All is Not What It Seems
On the surface it would seem a cut and dry response is readily available. However, after performing a search on the web I still don’t know the answer!
According to some articles I found on the web, lacrosse is the fastest growing sport in the U.S. with staggering growth in many states, and a roughly 20% jump for boys and girls organized lacrosse participation over the past 5 years. Still, a March 2015 USA Today story says the answer is rugby, because during the last five years the number of players has increased 14% year-over-year to 1.2 million participants, which is much higher than lacrosse. To make it even more interesting, NBC News proclaimed that something called pickleball is the fastest growing sport. So what is the answer?
The problem here is that the question cannot be answered because the definition of growth is not outlined. Is it growth percentage or absolute numbers? Without a true definition, information and data can be manipulated.

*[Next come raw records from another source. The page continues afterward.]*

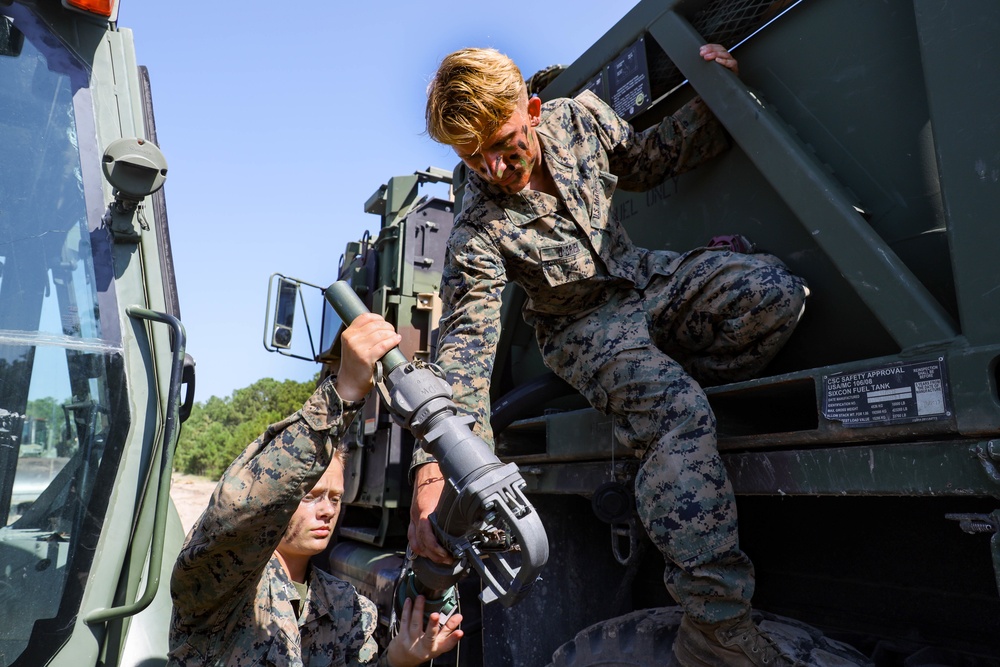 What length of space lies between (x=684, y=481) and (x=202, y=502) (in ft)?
58.9

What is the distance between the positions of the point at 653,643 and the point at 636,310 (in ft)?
2.75

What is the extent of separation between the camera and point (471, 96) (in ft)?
6.25

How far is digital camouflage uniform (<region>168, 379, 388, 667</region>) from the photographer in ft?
4.97

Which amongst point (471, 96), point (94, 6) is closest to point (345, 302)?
point (471, 96)

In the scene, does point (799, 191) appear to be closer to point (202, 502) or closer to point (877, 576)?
point (877, 576)

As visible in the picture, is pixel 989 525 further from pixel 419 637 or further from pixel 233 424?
pixel 233 424

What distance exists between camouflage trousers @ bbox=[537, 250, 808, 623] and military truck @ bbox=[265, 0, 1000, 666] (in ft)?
0.31

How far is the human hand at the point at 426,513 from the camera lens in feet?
5.31

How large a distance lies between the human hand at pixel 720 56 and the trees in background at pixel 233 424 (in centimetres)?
1553

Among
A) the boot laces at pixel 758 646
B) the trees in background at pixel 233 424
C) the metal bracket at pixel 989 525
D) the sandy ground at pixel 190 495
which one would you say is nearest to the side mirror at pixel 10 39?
the boot laces at pixel 758 646

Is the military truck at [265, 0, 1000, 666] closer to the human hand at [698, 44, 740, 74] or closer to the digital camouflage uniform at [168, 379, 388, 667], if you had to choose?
the human hand at [698, 44, 740, 74]

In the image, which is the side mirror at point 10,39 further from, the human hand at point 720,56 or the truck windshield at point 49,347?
the human hand at point 720,56

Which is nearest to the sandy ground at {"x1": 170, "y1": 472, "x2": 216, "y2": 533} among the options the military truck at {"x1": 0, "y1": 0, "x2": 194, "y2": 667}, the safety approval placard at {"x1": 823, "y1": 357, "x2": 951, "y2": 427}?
the military truck at {"x1": 0, "y1": 0, "x2": 194, "y2": 667}

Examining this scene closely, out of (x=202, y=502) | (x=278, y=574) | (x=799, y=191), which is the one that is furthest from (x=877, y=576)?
(x=202, y=502) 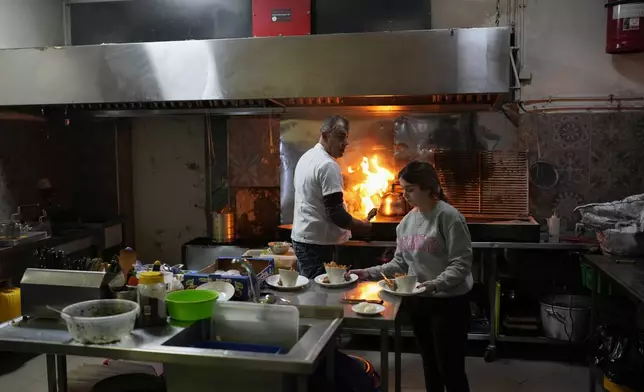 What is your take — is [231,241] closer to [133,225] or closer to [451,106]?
[133,225]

We run across the same problems every day in the market. For weeks now, the stock market has reached new highs and done so with very low volatility which has been lauded in certain circles as if it is natural that low volatility and rising stocks are always correlated. As a result, some investors have been lulled into complacency. However, the fact remains that when the VIX is at trough levels, like it is today, it is a negative barometer not a positive one, as we would be led to believe.
The VIX is an options-based metric of the prices investors are willing to pay for insurance against declines in the S&P 500. On Friday, the VIX broke below $12 for the first time in 2015. According to UBS, in recent years, stocks have dropped after reaching this level. In fact, the last time it happened the VIX declined by 5% in the next 30 days.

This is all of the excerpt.